Pepsi further argued, however, that section 14-410(d) provides a more limited definition for “civil action” as used in Title 14 of the Maryland Code. Section 14-410(d) states: “‘Civil action’ includes a health care malpractice claim under Title 3, Subtitle 2A of the Courts Article.” The Court rejected this argument as well, stating that to accept Pepsi’s argument would be “to equate the word ‘includes’ with the word ‘means.’” Because medical malpractice actions are subject to mandatory arbitration requirements, the Court reasoned that it was reasonable for the General Assembly to clarify that the definition of “civil action” includes “medical malpractice actions.” The Court also bolstered its conclusion by referencing Certain Underwriters at Lloyd’s, London v. Cohen, 785 F.3d 886 (4th Cir. 2015), in which the Fourth Circuit concluded that the privilege prohibiting admission of evidence of the Board’s records orders, under section 14-410(a), was applicable in civil actions other than medical malpractice actions.

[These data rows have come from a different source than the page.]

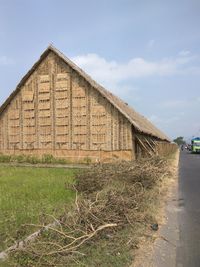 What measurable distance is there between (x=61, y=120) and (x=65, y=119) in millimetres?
309

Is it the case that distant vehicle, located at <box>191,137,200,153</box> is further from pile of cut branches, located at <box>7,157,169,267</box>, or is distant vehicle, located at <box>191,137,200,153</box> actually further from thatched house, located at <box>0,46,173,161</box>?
pile of cut branches, located at <box>7,157,169,267</box>

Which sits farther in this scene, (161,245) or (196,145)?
(196,145)

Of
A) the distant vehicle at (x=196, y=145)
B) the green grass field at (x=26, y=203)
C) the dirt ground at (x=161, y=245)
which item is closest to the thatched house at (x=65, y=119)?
the green grass field at (x=26, y=203)

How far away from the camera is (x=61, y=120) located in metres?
29.4

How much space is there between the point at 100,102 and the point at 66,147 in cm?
407

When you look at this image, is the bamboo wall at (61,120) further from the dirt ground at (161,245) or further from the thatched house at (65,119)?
the dirt ground at (161,245)

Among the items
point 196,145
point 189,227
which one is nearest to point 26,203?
point 189,227

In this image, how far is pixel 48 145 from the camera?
98.3ft

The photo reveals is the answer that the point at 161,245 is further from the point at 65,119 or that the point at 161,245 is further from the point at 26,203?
the point at 65,119

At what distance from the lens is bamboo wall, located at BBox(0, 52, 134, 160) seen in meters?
27.5

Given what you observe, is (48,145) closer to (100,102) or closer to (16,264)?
(100,102)

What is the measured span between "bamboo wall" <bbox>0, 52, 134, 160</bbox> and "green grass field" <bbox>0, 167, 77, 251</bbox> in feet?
36.1

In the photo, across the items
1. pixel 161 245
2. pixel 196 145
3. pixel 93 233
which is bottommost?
pixel 161 245

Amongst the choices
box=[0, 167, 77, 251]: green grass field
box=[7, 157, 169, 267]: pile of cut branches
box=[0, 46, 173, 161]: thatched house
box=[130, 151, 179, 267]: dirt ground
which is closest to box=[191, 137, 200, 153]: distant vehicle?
box=[0, 46, 173, 161]: thatched house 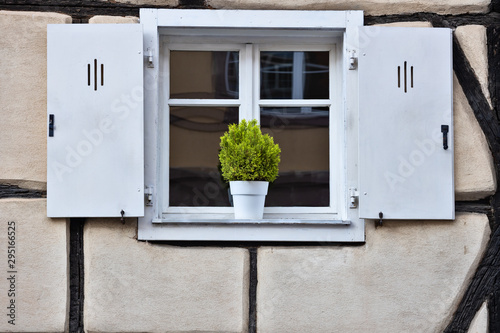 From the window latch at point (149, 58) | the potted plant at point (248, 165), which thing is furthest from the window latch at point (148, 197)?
the window latch at point (149, 58)

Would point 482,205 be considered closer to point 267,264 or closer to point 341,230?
point 341,230

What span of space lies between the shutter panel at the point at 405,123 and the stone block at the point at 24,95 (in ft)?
5.14

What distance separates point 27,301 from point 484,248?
7.42 feet

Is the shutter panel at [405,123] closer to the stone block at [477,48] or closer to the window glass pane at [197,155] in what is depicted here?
the stone block at [477,48]

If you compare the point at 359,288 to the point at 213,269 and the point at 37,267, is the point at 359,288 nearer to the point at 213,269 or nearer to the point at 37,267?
the point at 213,269

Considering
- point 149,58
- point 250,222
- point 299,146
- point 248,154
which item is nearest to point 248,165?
point 248,154

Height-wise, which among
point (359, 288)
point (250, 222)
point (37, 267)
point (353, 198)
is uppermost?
point (353, 198)

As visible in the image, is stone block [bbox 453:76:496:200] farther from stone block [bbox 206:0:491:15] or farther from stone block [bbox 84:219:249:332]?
stone block [bbox 84:219:249:332]

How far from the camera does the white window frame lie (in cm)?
356

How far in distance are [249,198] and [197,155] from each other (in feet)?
1.31

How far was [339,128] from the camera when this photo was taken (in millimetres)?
3727

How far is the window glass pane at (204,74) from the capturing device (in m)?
3.79

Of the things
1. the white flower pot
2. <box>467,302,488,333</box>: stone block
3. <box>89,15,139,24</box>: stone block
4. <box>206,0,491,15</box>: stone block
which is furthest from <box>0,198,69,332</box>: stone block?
<box>467,302,488,333</box>: stone block

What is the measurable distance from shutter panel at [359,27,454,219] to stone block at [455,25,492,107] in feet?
0.36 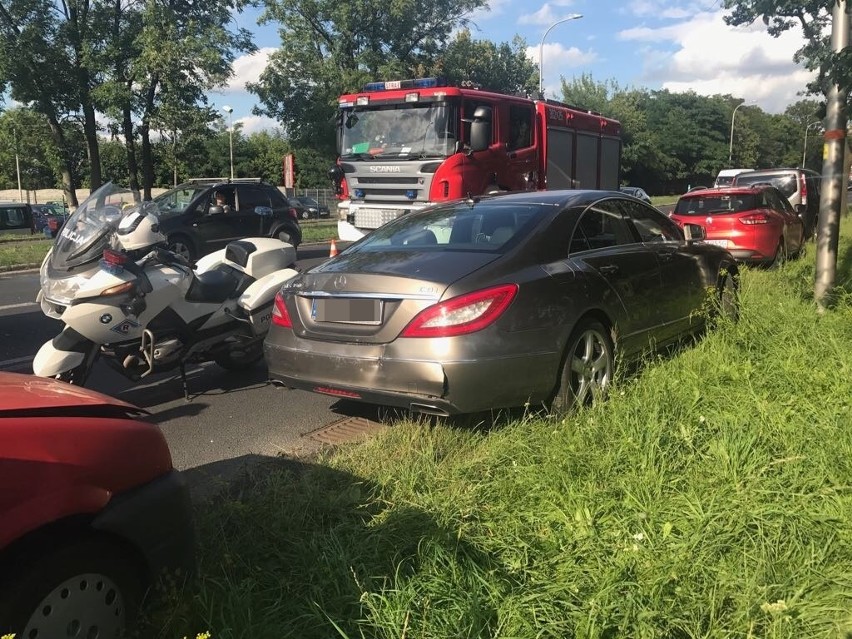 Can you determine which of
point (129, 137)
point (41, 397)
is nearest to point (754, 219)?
point (41, 397)

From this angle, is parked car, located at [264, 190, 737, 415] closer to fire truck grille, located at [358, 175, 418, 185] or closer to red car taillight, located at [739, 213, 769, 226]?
fire truck grille, located at [358, 175, 418, 185]

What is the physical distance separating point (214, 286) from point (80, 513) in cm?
→ 384

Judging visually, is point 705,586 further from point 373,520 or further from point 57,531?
point 57,531

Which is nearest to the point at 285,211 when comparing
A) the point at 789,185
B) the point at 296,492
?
the point at 789,185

In addition, Pepsi argued that the privilege under section 14-410(a) was expressly limited to documentary evidence because the subsection (a) is titled “Records not discoverable or admissible.” Again, the Court disagreed. First, the Court reasoned that the words of the statute itself, not the heading, are controlling. Second, the Court noted that if it accepted Pepsi’s argument, evidence of the Board’s disciplinary proceedings would be admissible, even in malpractice suits against physicians, even if no documentary evidence could be introduced.

Finally, Pepsi argued that by signing the consent page attached to the Board’s order, Dr. Franchetti waived the privilege afforded by section 14-410(a). Pepsi relied upon the following statutory exception: “Except by the express stipulation and consent of all parties to a proceeding before the Board, a disciplinary panel, or any of its other investigatory bodies,” the protections shall apply. The Court disagreed that Dr. Franchetti had waived his rights by signing the consent page, noting that “nowhere in the consent did Dr. Franchetti expressly ‘stipulate and consent’ to the discoverability and admissibility of the Board proceeding in future civil actions.” Likewise, the Court concluded that the fact that the consent order was a self-described “PUBLIC DOCUMENT,” was not enough to waive the protections afforded by section 14-410(a). Public availability does not automatically make a document admissible in evidence.

The Court of Appeals therefore concluded that the trial court did not err in denying Pepsi’s motion to strike the de bene esse deposition of Dr. Franchetti and in granting Plummer’s motion in limine of Dr. Franchetti’s disciplinary proceeding in this unrelated workers’ compensation proceeding.